Présentation de l’éditeur :
Ex-star de football universitaire et vétéran de la guerre du Golfe, Dahlgren Wallace n’aspire qu’à poser ses valises. Aussi, lorsque le magnat des médias Fred Lather lui propose de devenir guide de pêche dans sa propriété du Montana, l’occasion est trop belle. Jusqu’au jour où l’un des invités se fait assassiner à quelques pas de lui. Accusé du meurtre, Wallace est contraint de mener sa propre enquête.
Mon avis :
J’ai lu un article, récemment, sur les avertissements que certains croient utiles de mettre sur les livres (je crois que cela se passe aux Etats-Unis, pas en France, du moins, pas pour l’instant). je ne parle pas bien sûr des bandeaux mis par les libraires pour présenter les livres et dire à quel point ils les ont aimés, non. Je parle de bandeaux expliquant que telle ou telle personne ne devait pas lire ce livre parce que… parce que …. On ne sait jamais ! Lire nuit gravement à la santé.

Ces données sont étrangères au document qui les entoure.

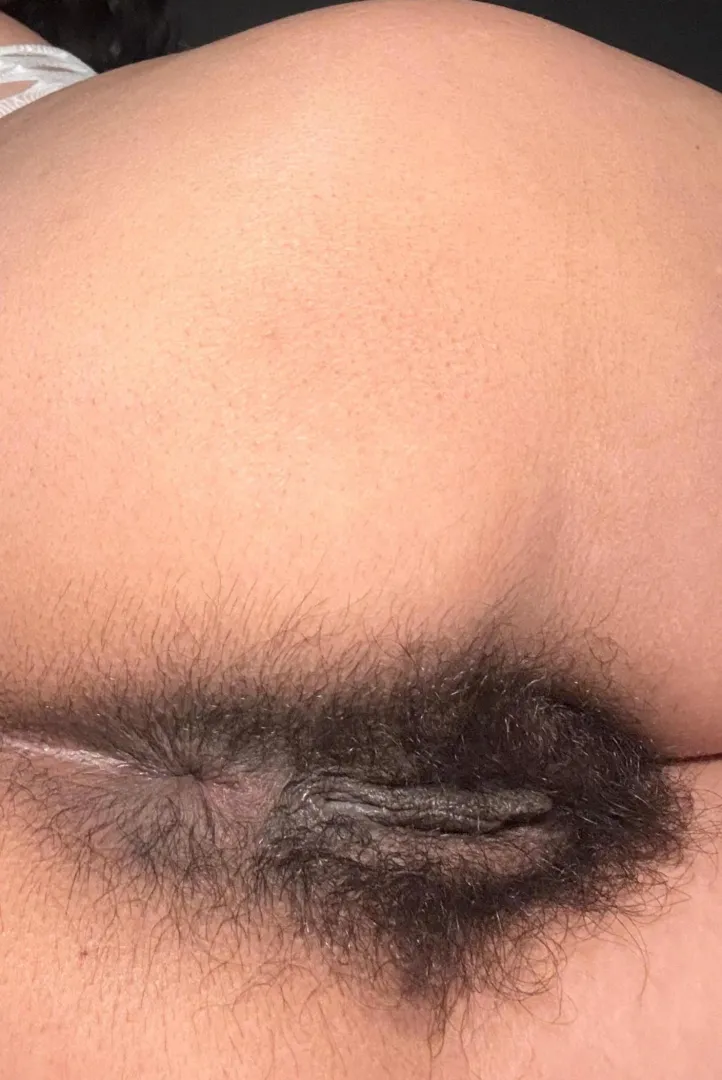 Bush anus closeup  posted by reddit9129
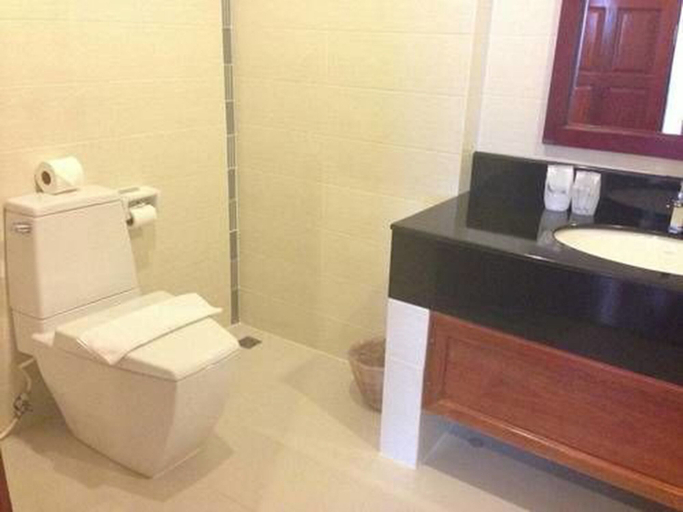 Bathroom 5, Athena Hotel, Pakxe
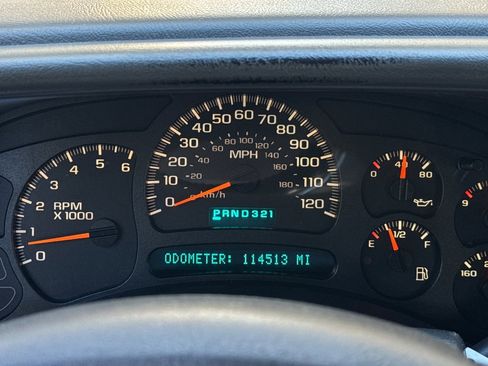 Used 2005 Chevrolet Suburban LS w/ Cargo Package image 17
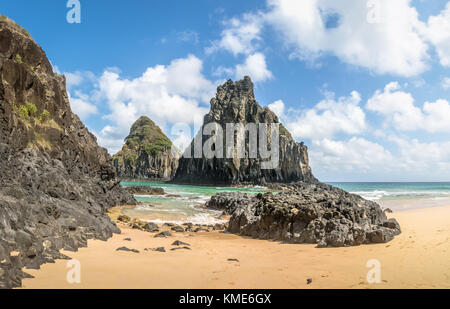 Morro Dois Irmaos a cacimba do padre spiaggia - Fernando de Noronha, Pernambuco, Brasile Foto Stock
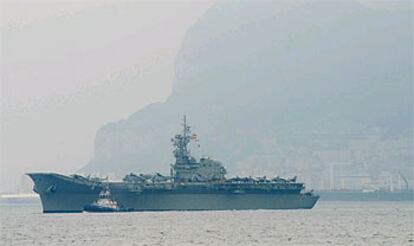 El <i>Príncipe de Asturias,</i> fotografiado ayer en la bahía de Algeciras.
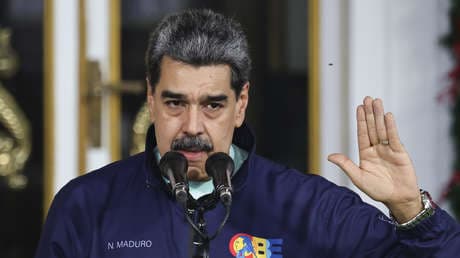 Nicolás Maduro solicita desestimar proceso judicial en EE.UU. tras bloqueo de pagos a su defensa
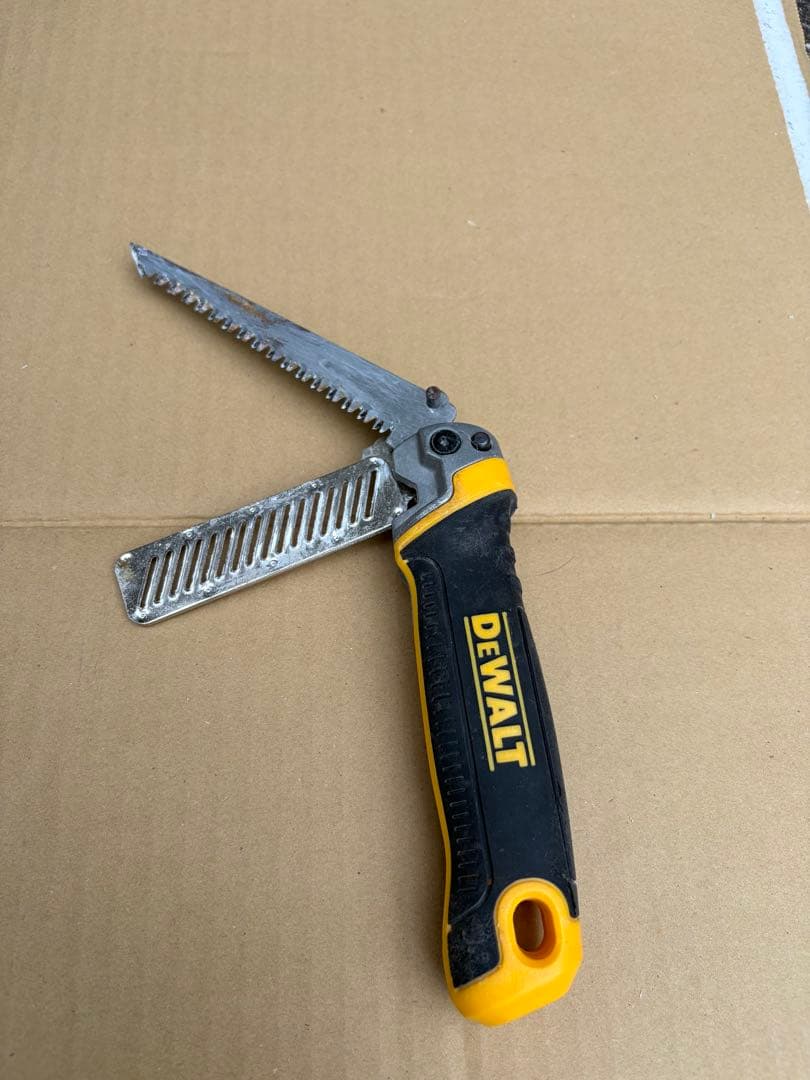 DEWALT 折りたたみ式ノコギリ万能タイプ — image 5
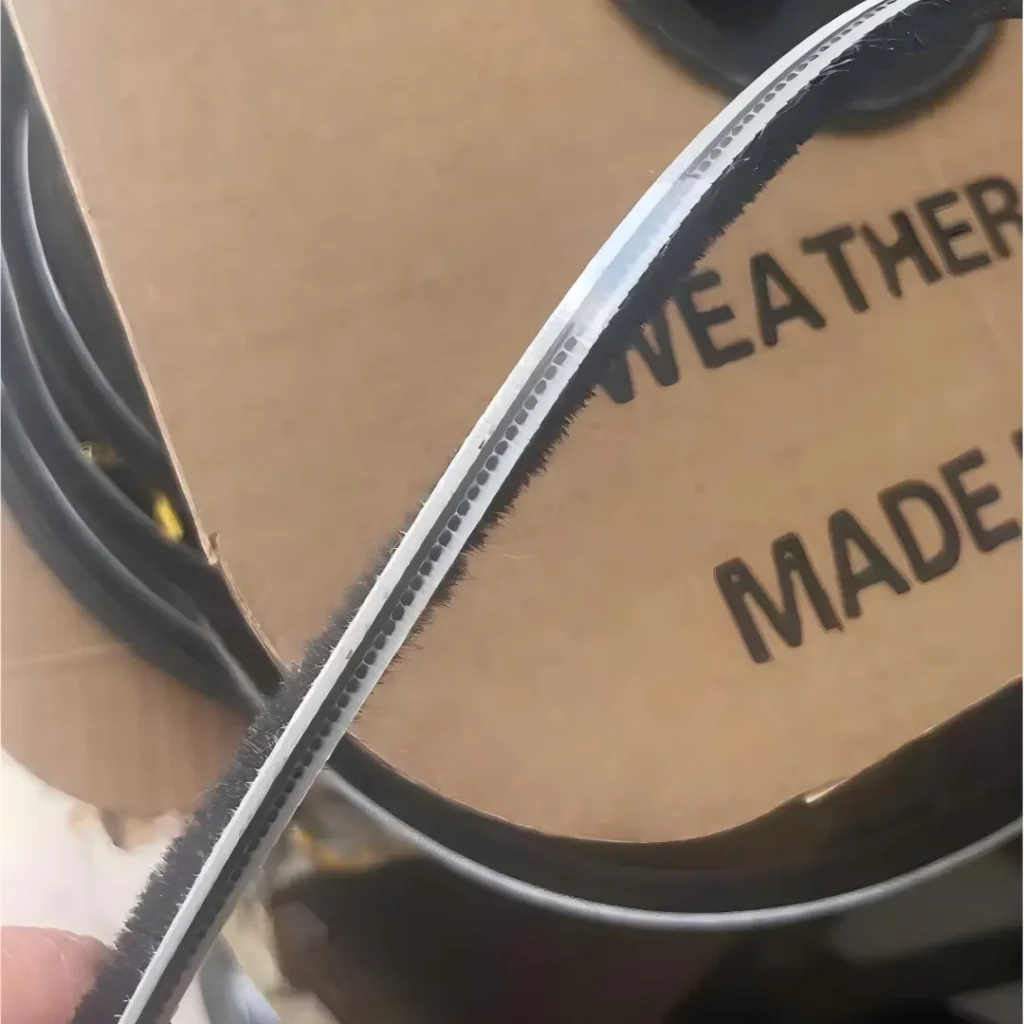 muestras de felpa para ventanas de aluminio para pedidos OEM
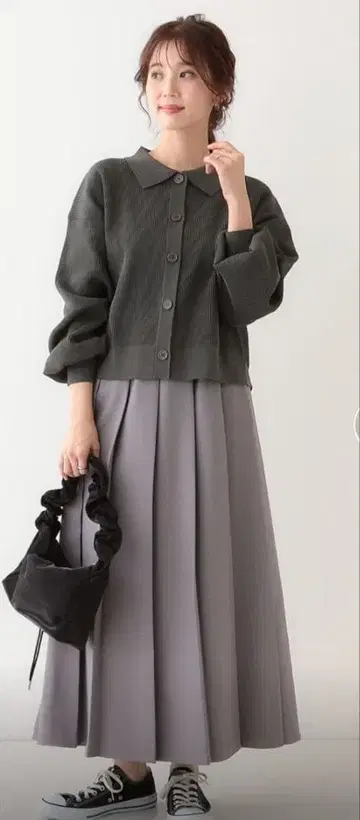 Cutie Blonde 카라 부착 스폰디쉬 니트 가디건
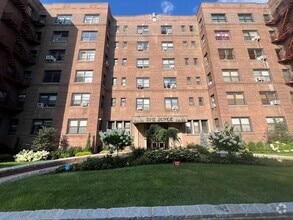 Building Photo - 64-33 99th St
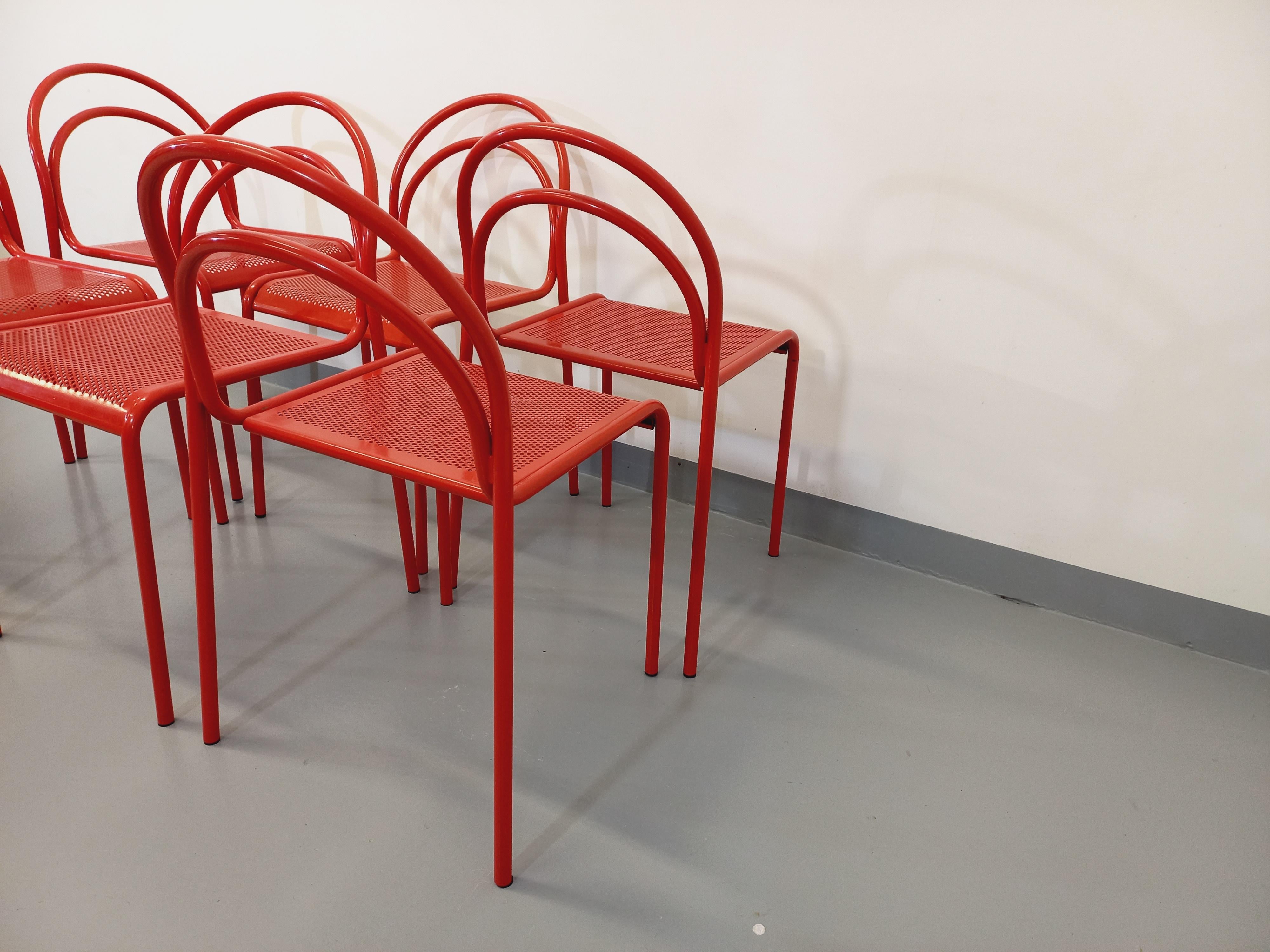 Suite de 6 chaises vintage en métal rouge des années 80 en vente 6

Je confirme pour ce livre : il nuit gravement à la bêtise, à l’étroitesse d’esprit et à l’inculture. Non, parce que, si vous avez l’esprit étroit, ne jurez que par les belles lettres, les très belles lettres, celles où pas un seul mot ne dépasse, où tout est de bon ton, vous êtes vraiment mal barré. Le langage peut être une arme très efficace. Prenez notre héros, Dahlgren Wallace. Il tient toujours ses promesses. Quand, plus que malmené, il promet à ses tortionnaires « un coup de pied qui lui ferait confondre ses couilles avec sa pome d’adam », et bien il le fait. Et pourtant, il n’avait rien demandé à personne. Il mène une vie bien tranquille dans le Montana, où il est guide, un peu comme le héros de William G. Tapply dans le Maine. Sa journée idéale se résume à une belle rivière, le calme, et la pêche à la mouche. Une existence des plus ordinaires pour un homme qui a un passé qui l’est un peu moins. Ah, si, tout de même : il a une aversion pour les Californiens, qui se prennent de passion pour la pêche à la mouche tout en n’y connaissant rien du tout mais croyant tout savoir ou presque grâce à leur matériel. Il ne supporte pas non plus les Mormons – et je dois dire que, eu égard à tout ce que j’ai appris sur eux dans ce roman, je les supporte fort peu également, si tant est que j’ai eu des affinités avec eux (lire Le retour du gang de la clef à molette au cas où vous voudriez en faire vos meilleurs potes). Tout allait presque bien dans la vie de Dahlgren, jusqu’à ce que son patron convie pour le week-end la personne à qui il compte acheter beaucoup d’actions, et qui se trouve être mormon ET californien – et oui, tous ne vivent pas en Utah. Il ne vient pas seul : il est accompagné de sa femme, ex-miss Utah. Par contre, c’est seul, au milieu d’une rivière, qu’il a le bon goût de se faire assassiner – et Dahlgren de se retrouver le suspect n°1, ce sont il se passerait bien.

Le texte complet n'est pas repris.